>>>>
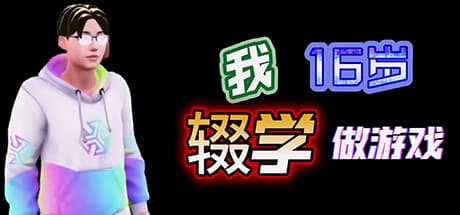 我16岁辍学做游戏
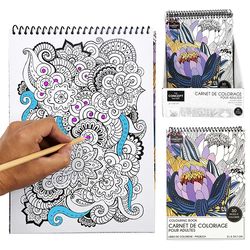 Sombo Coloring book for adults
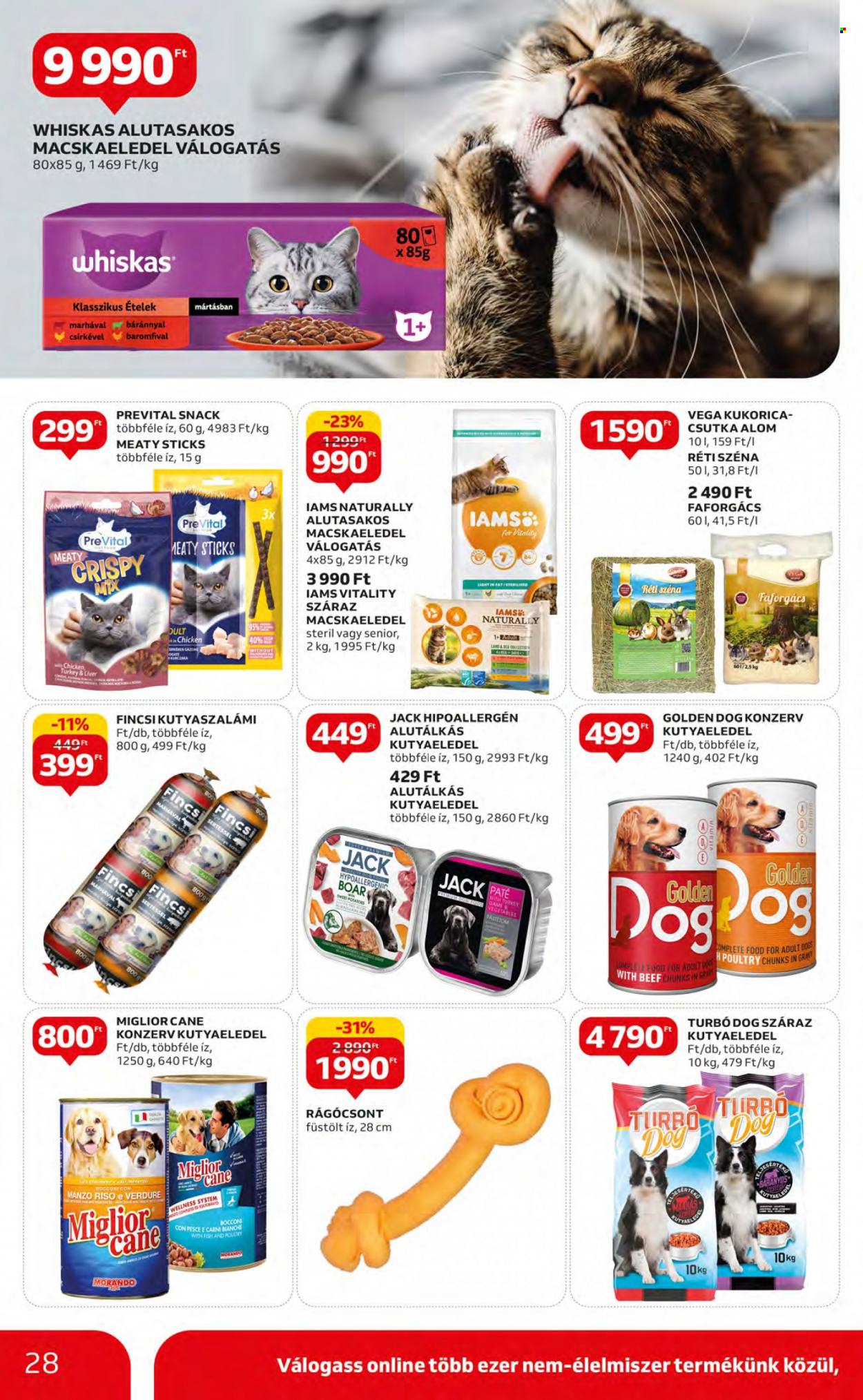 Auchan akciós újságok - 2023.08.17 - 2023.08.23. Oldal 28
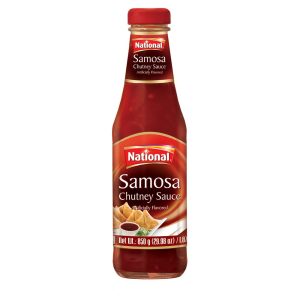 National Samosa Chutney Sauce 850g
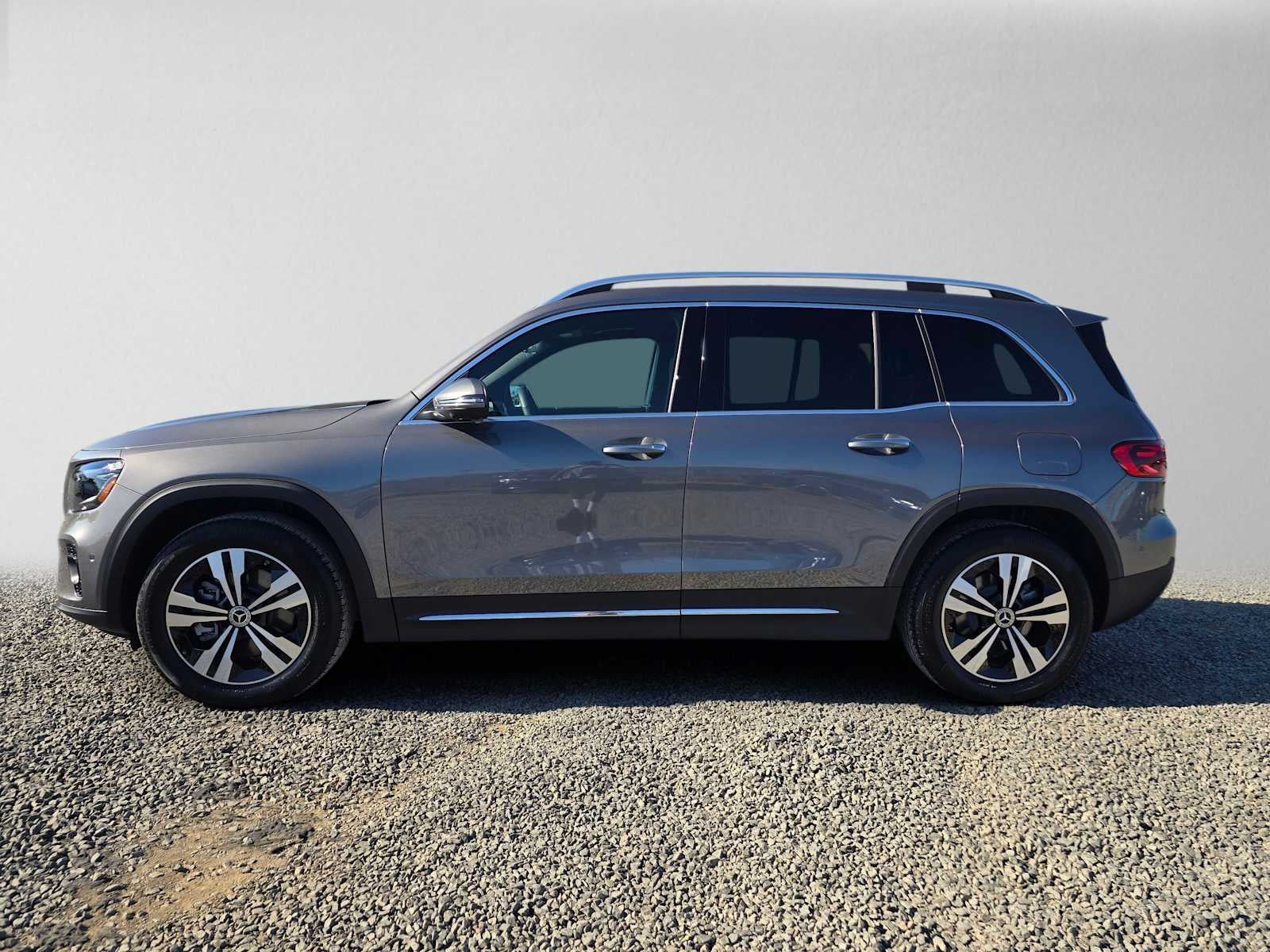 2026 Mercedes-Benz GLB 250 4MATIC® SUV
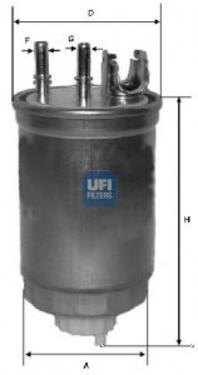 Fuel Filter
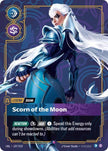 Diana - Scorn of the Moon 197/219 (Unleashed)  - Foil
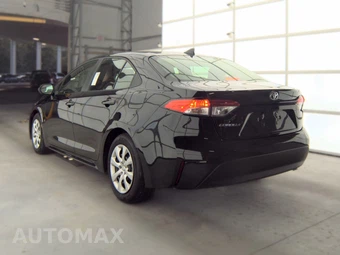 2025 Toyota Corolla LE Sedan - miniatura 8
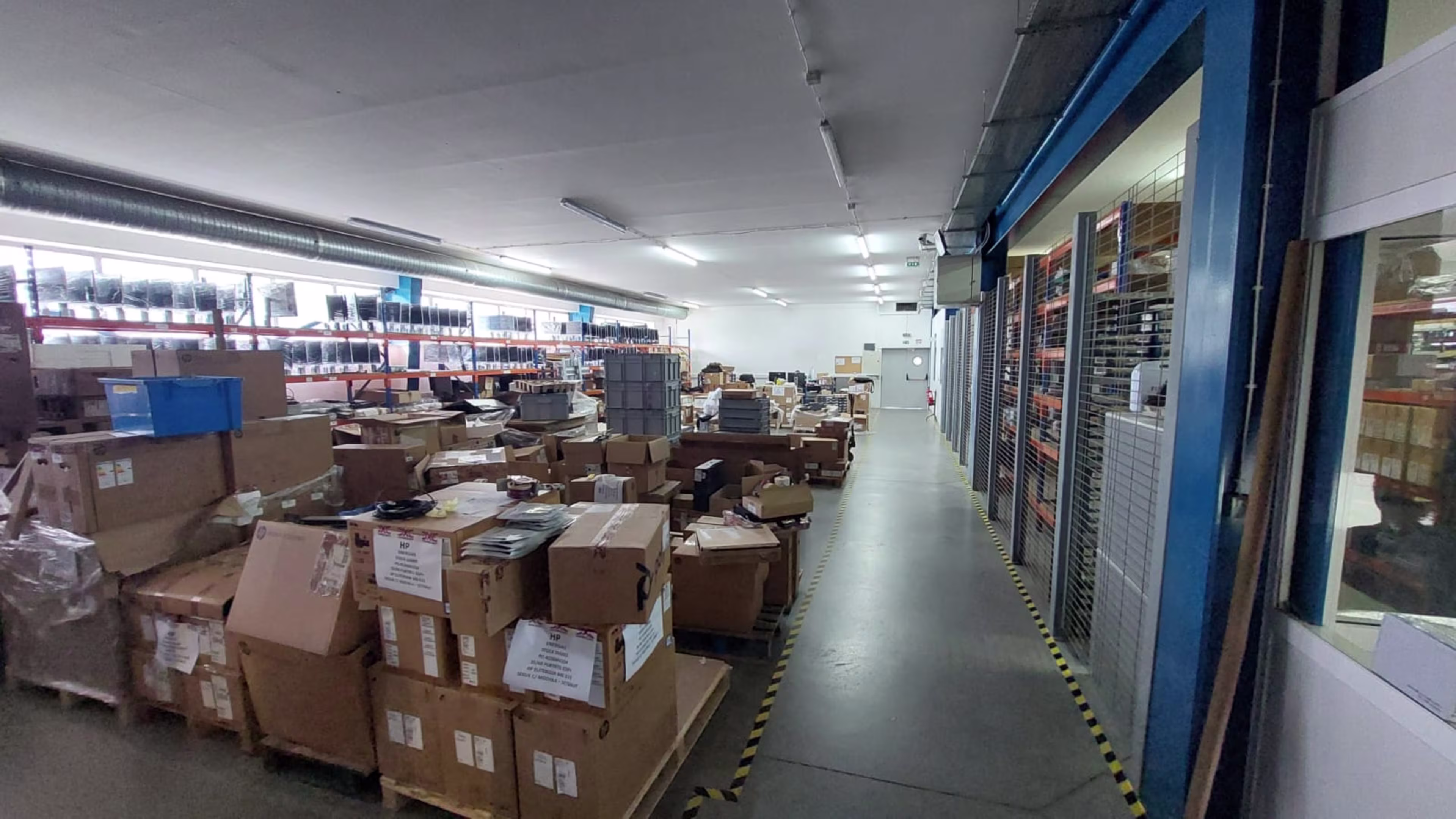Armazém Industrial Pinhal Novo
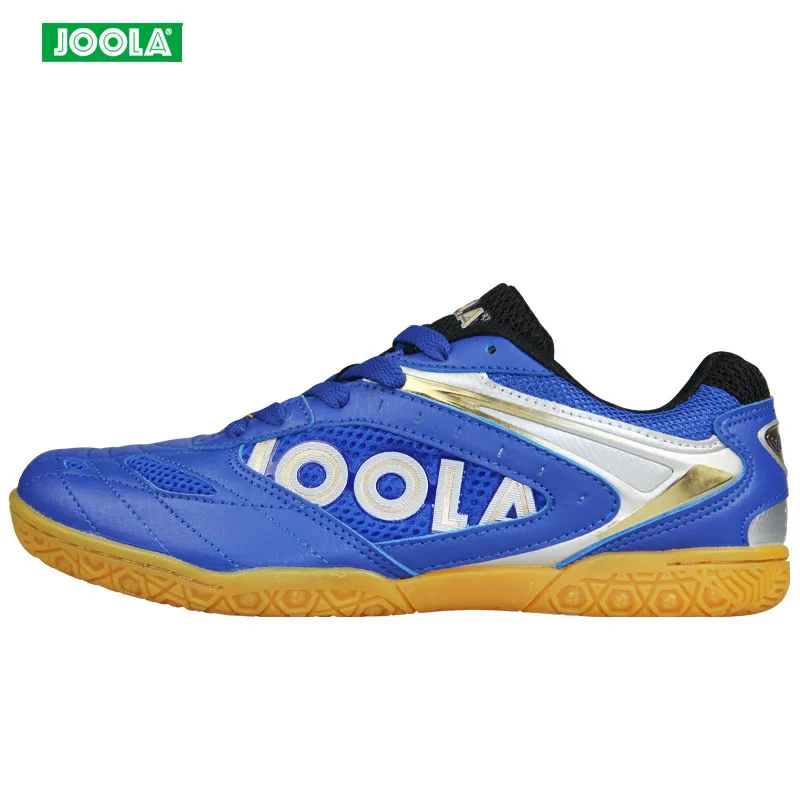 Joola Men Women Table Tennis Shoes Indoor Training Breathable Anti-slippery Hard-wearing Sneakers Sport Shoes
<<<<
WORK INSTRUCTION: Your answer should be an exact copy of the records above, with no pictures in it.

ANSWER FOR THE TASK:
 我16岁辍学做游戏
 Sombo Coloring book for adults
 Auchan akciós újságok - 2023.08.17 - 2023.08.23. Oldal 28
 National Samosa Chutney Sauce 850g
 2026 Mercedes-Benz GLB 250 4MATIC® SUV
 Fuel Filter
 Diana - Scorn of the Moon 197/219 (Unleashed)  - Foil
 2025 Toyota Corolla LE Sedan - miniatura 8
Armazém Industrial Pinhal Novo
 Joola Men Women Table Tennis Shoes Indoor Training Breathable Anti-slippery Hard-wearing Sneakers Sport Shoes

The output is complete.